Since then I’ve leveled both entirely new Season characters and my old favorites on the Eternal Realm, and I have to say that the Diablo 4 dev team definitely heard what people like me were saying about leveling.
Leveling from 50 to 60 in Vessel of Hatred was actively delightful.
I didn’t have to do anything to get from 50 to 60 on my formerly 100 Eternal Realm Barbarian outside of the story campaign. Just getting all the mercenaries unlocked and following the story got me to 60 with several fights to go before the end of the campaign. I still have many quests left to do in Nahantu as well as the various Endgame options like the Invasions, the Pit, Realmwalkers… there’s a lot to do in Diablo 4, but you can legitimately level without having to worry too much about any of it and that’s fantastic.
At no point did it feel like a grind. Considering the state the game’s leveling was in when I first played through the story campaign last year, being able to say that seems unlikely. But it’s what happened. I think at least part of that is due to the fact that Paragon no longer feels like it’s something you have to reach max on. Instead of 50 levels of talents and then 50 levels of Paragon tiles, you now have 60 levels of talents and then, nearly endless Paragon to accrue and spend without a benchmark in mind. You don’t have to worry about it — you’ll just get more as you play. Paragon no longer informs or controls when your character is truly max level, instead acting as a capstone system to provide you with some incentive to keep going.
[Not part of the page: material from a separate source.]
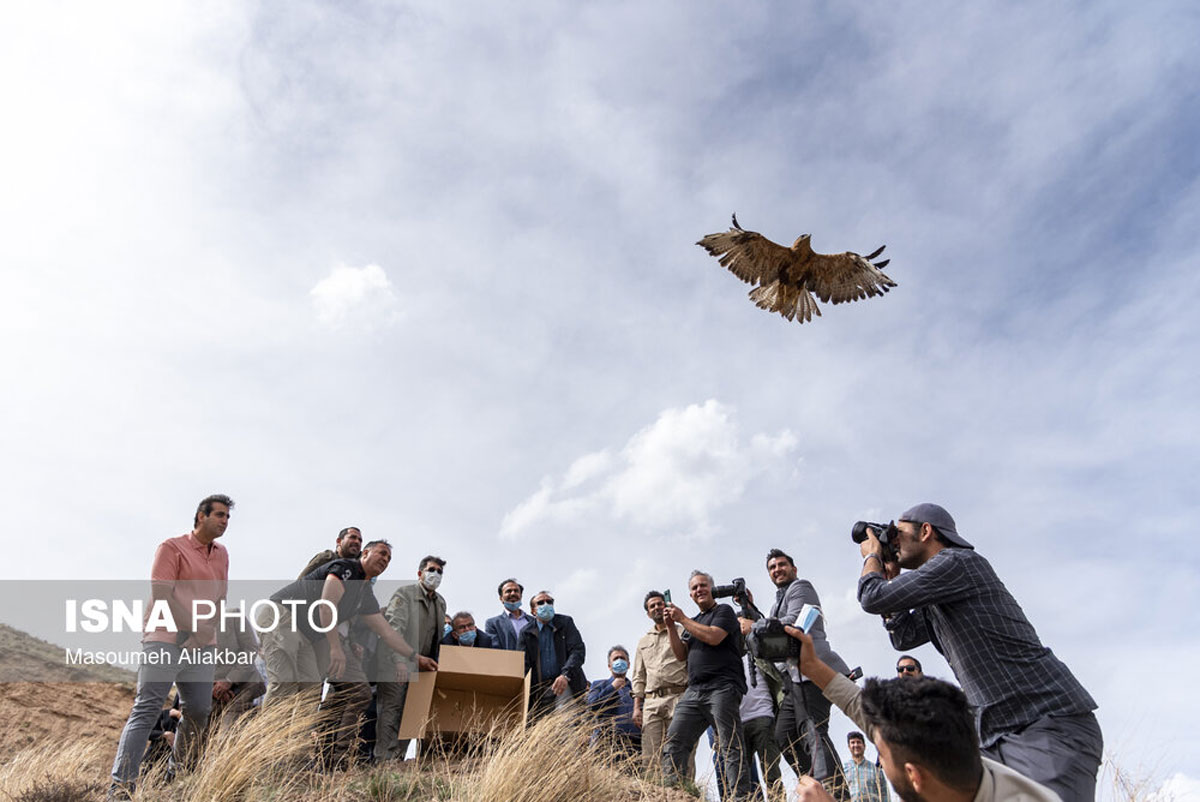بازگشت تعدادی از گونههای حیات وحش به طبیعت بازگشت تعدادی از گونههای حیات وحش به طبیعت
The only leveling advice you need is Play The Game
I have two characters I’m currently working on. One just hit 50 in the original Story Campaign going after Lilith, while the other went straight into Nahantu and is level 43 as of about 2/3rds of the way through. What can I conclude from how fast leveling feels on these characters?
The first thing is that playing on or as close to Penitent as you can get is very helpful in terms of leveling speed. As long as you can survive on the highest possible difficulty, it’s always better to level that way, and I regret playing it safe on my Spiritborn chasing down Elias and Lilith. I’m pretty sure I could have squeezed several more levels out of the Fractured Peaks, and doing Scosglen and the Dry Steppes I skipped most of the side quests in my haste to catch up to the end of the campaign. It’s definitely possible to get to 60 without even touching expansion content.
Also, so far I don’t think I’ve even remembered to turn on the Seasonal Blessings for XP. I haven’t made (and honestly can’t remember if they even still work) Elixirs or anything like that. Why? Because I don’t need to. I never feel like playing Diablo 4 is the gaming equivalent of punching a clock and trying to hit a quota on how many dead demons I can make before the lunch whistle. Instead, I play the game. It honestly feels like I made a wish on a monkey’s paw and got everything I wanted except the ability to replay the Campaign, and if that’s the tradeoff I need to make for all of the positive changes? I can live without being able to farm the campaign.
It’s not like I can’t go kill Lilith again, anyway. There’s a whole means to do so already in place in the game.
So yeah, I can honestly say that Diablo 4 is in the best shape of its life, and leveling has never been faster, more fluid, or more dang fun than it is right now.